The Hollywood Reporter‘s Todd McCarthy places the blame on the film’s ending, writing that Tomorrowland is “one of the few [films] to place far more emphasis on talk than action, which is what will probably contribute to what, for some, will make for a softer experience than the genre norm.”
Time Out‘s Tom Huddleston called the film’s finale “flat as a pancake.”
But perhaps the most surprising criticism of the film comes from liberal outlet the Daily Beast. In a piece titled “George Clooney’s Global Warming Shaming,” the outlet’s Kevin Fallon knocks Clooney for “shaming us for causing the end of the world.”
“He’s the one who, like all of us, is educated on the environmental issues and human behaviors that are leading to the destruction of the Earth and the end of civilization,” Fallon writes. “He, like all of us, knows that we hold the power to fix these things, should we choose to do so. And he, like all of us, is resigned to not doing anything about it.”
“That is, until the right person and argument – or futuristic utopia based on a region in a Disney theme park – comes along to convince us to get motivated.”
Tomorrowland director Brad Bird had been on a roll before this film, churning out critical and commercial hits like The Incredibles, Ratatouille and Mission Impossible: Ghost Protocol. As Breitbart’s John Nolte pointed out last week, “every director eventually stumbles.”
“Casting the politically polarizing and overrated Clooney in a big-budget blockbuster might have been his first mistake,” Nolte wrote.
Overall, this year’s Memorial Day weekend box office stands at an anemic $151 million, the worst since 2001 and good for 14th place among previous holiday weekends. Last weekend’s female-centric Pitch Perfect 2 and the action reboot Mad Max: Fury Road represent the lone bright spots amidst a particularly weak weekend.

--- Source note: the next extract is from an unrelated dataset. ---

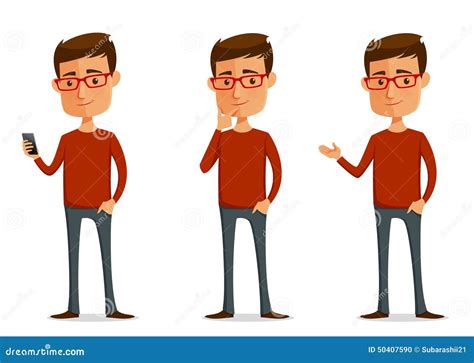 Funny Cartoon Guy With Glasses Stock Vector Image 50407590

However, Disney is not cutting bait on Tomorrowland; Clooney is reportedly set to attend the film’s China premiere in Shanghai, and the film could still end up doing okay in international markets. But for a $190 million film, analysts told Deadline the film would have had to open in the $50 million range to be considered a success.
Clooney is set to star next in Jodie Foster’s Wall Street drama Money Monster. With a budget of “only” $30 million, there will be a lot less pressure on Clooney to fill the seats for that one.